Dual color protein standard 3

Directly after IEF, proteins were reduced in sample buffer (150 mM Tris-HCl, pH 8.5, 2% (w/v) lithium dodecyl sulfate (LDS), 10% (v/v) glycerol, 0.51 mM EDTA, 0.22 mM Serva Blue G250, 0.175 mM Phenol Red) containing 50 mM DTT and subsequently alkylated in sample buffer containing 125 mM iodoacetamide (IAA) for 15 min each.

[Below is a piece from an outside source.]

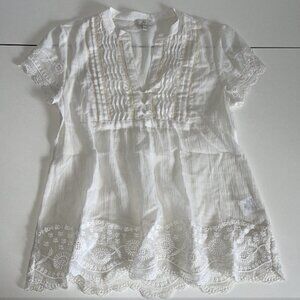 JOSIE Short Sleeve Embroidered Tunic Top Blouse - Size XS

For protein separation in the second dimension, IPG strips were placed on precast NuPAGE Novex 4%–12% Bis-Tris ZOOM Protein Gels, 1.0 mm, IPG-well (Thermo Fisher Scientific, Waltham, MA USA), 4 µL Dual Color Protein Standard III (Serva) was used as molecular weight marker and electrophoresis was performed in MES buffer at 180 V. Gels were fixed in 40% (v/v) ethanol, 10% (v/v) acetic acid for 60 min, rinsed 3× for 10 min in water and stained with colloidal Coomassie staining solution (0.08% (w/v) Coomassie Brilliant Blue G-250, 1.6% (w/v) ortho-phosphoric acid, 8% (w/v) ammonium sulfate and 10% (v/v) methanol) over night. Excess dye was removed by washing in water. Gels were imaged using an Odyssey near-infrared scanner (LI-COR, Lincoln, NE, USA) at 700 nm wave length, intensity set to 5.0, quality set to “high” and resolution to 84 µm.